Unanimous decision: Palm Beach County, city approve plans for UF campus near downtown

Unanimous decision: Palm Beach County, city approve plans for UF campus near downtown

WEST PALM BEACH — In back-to-back, unanimous votes, commissioners in Palm Beach County and West Palm Beach approved preliminary plans to have the University of Florida open a campus near downtown, a move supporters described as “historic” and “transformative.”

City commissioners approved the idea on Monday night. County commissioners followed up with their own approval on Tuesday morning.

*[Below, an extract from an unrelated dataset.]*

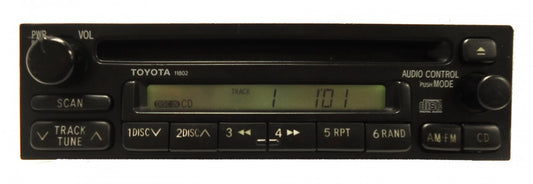 Toyota Camry Sienna Avalon Radio/CD Player 11802 86120-08040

UF President Kent Fuchs attended both meetings, praising the university’s expansion plan as an opportunity to offer graduate school offerings that will be taken by students who eventually start businesses and occupy high-level jobs brought to the area.

Fuchs told city commissioners Monday night that the expansion represented a “once-in-a-century opportunity for our state, for West Palm Beach and for the University of Florida.”

He laid out an aggressive timeline that would have the university leasing space downtown in fall 2022 and opening a new campus there in the fall of 2026.

Securing the downtown West Palm UF campus

While the back-to-back votes serve as a resounding endorsement of the idea of UF expanding into West Palm Beach, they don’t encase the plan in concrete.

West Palm Beach’s vote declared about 2.23 acres of land on seven parcels it owns off Tamarind Avenue and Fern and Evernia Streets as surplus.

Collectively, that land has an appraised market value of $4.8 million, according to Palm Beach County Property Appraiser records.

City commissioners voted to give that land to UF for free if the university got nearby land from the county and from real estate developer Jeff Greene.

Efforts to reach Greene for comment were unsuccessful, but city officials said they had spoken to all parties regarding the proposed expansion and that the feedback was positive.

The county owns about five acres on Government Hill downtown that’s worth $12.9 million.

County commissioners voted to give that land to UF for free if the school agreed to use it for educational purposes only.

Combined, the public owns $17.7 million in land that would be given to UF for the downtown expansion.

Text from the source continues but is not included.